# First year guy here. Talking driveways.



## HuskerSnow (Aug 21, 2010)

This will be my first year plowing and right now I'm gonna be plowing the family business lot and gonna be helping out a friend of the family with his accounts when he needs it. (probably be helping him out if theres 5" or more) I've had a couple people see the plow mount and light bar on the truck and ask me how much I would charge to do a driveway....
So what do you guys charge to do residential driveways? and how much extra would you charge to blow the front walk and the sidewalks?
THANKS guys!


----------



## HuskerSnow (Aug 21, 2010)

So almost 100 views and I guess NOBODY has EVER done driveways and could possibly help me with some info..... Thanks...


----------



## Rc2505 (Feb 5, 2007)

You have to figure out your costs. I know being new it's going to be a little difficult. Here is how you start. Figure out how much time it's going to take to plow each driveway, and plug in your hourly rate. Your hourly rate will be made of your equipment costs, your expected life of your equipment, your fuel, your insurance, your business cost, your labor, and so forth. If you do a search on here you will find more info on how to set your hourly rates, and how to bid.


----------



## Neige (Jan 29, 2008)

HuskerSnow;1093188 said:


> So almost 100 views and I guess NOBODY has EVER done driveways and could possibly help me with some info..... Thanks...


How could we possible help you with that. You are from Nebraska, I am from Montreal Canada. What are the going rates in your area? What will your market bare? What are your costs? How much snow do you get? In how many events? Are you charging per push? Seasonal? Hourly? What is your trigger? etc. I have towns next door that charge 30% less than I m charging, pricing is a very personal thing. It takes some hard work to figure out how much you should charge. Do your homework and you will get the answer you seek, that is right for you. Good luck


----------



## WIPensFan (Jan 31, 2009)

If you're doing the drive+walks I would guess you should be in the $30-$50 range. Of course it depends on the size of the account and ease of plowing it. Lots of variables as has been said.
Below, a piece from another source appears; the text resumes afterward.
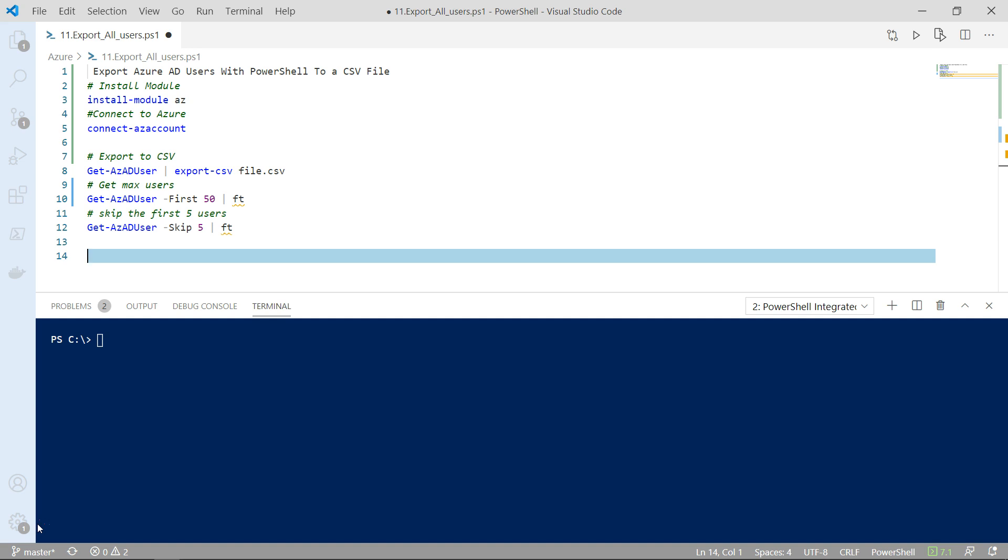Now Microsoft Azure PowerShell gives us this option to export your users, extract some of the data that belongs to our users.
At least that gives you some reference point.


----------



## Luther (Oct 31, 2007)

HuskerSnow;1090580 said:


> This will be my first year plowing *and right now I'm gonna be plowing the family business lot and gonna be helping out a friend of the family with his accounts when he needs it.* I've had a couple people see the plow mount and light bar on the truck and ask me how much I would charge to do a driveway....
> So what do you guys charge to do residential driveways?
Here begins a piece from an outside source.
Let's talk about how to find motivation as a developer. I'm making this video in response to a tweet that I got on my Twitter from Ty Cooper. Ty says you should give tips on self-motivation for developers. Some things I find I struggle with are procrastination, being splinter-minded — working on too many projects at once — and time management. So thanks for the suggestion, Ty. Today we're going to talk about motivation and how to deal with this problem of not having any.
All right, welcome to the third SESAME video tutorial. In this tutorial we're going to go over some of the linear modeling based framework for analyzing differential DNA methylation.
Did it occur to you to ask the friend of the family you are going to plow for this question?

If not, ask him ~ he may be your best source of info.....


----------



## toby4492 (Dec 28, 2005)

TCLA;1093277 said:


> Did it occur to you to ask the friend of the family you are going to plow for this question?
> 
> If not, ask him ~ he may be your best source of info.....
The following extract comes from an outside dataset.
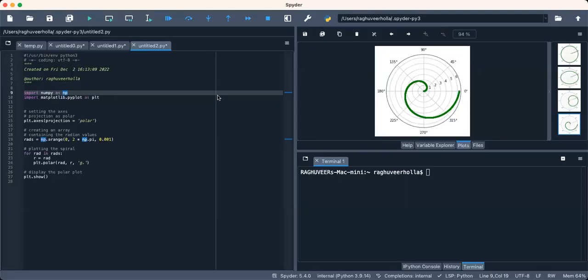Now you are looking at an Archimedean spiral.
 I was thinking the same thing. :waving:


----------



## gtstang462002 (Dec 23, 2009)

WIPensFan;1093269 said:


> If you're doing the drive+walks I would guess you should be in the $30-$50 range. Of course it depends on the size of the account and ease of plowing it. Lots of variables as has been said. At least that gives you some reference point.


I don't typically see as much snow as the guys up north, but I get $150 for short driveways(less than 1/4 mile) and go up from there. That is per push. Salt is of course extra and the driveways are for the beer money after plowing for the county.


----------



## WIPensFan (Jan 31, 2009)

gtstang462002;1093925 said:


> I don't typically see as much snow as the guys up north, but I get $150 for short driveways(less than 1/4 mile) and go up from there. That is per push. Salt is of course extra and the driveways are for the beer money after plowing for the county.


Your driveways and my driveways are different. I don't consider a 1/4 mile or less long drive short!


----------



## gtstang462002 (Dec 23, 2009)

WIPensFan;1093928 said:


> Your driveways and my driveways are different. I don't consider a 1/4 mile or less long drive short!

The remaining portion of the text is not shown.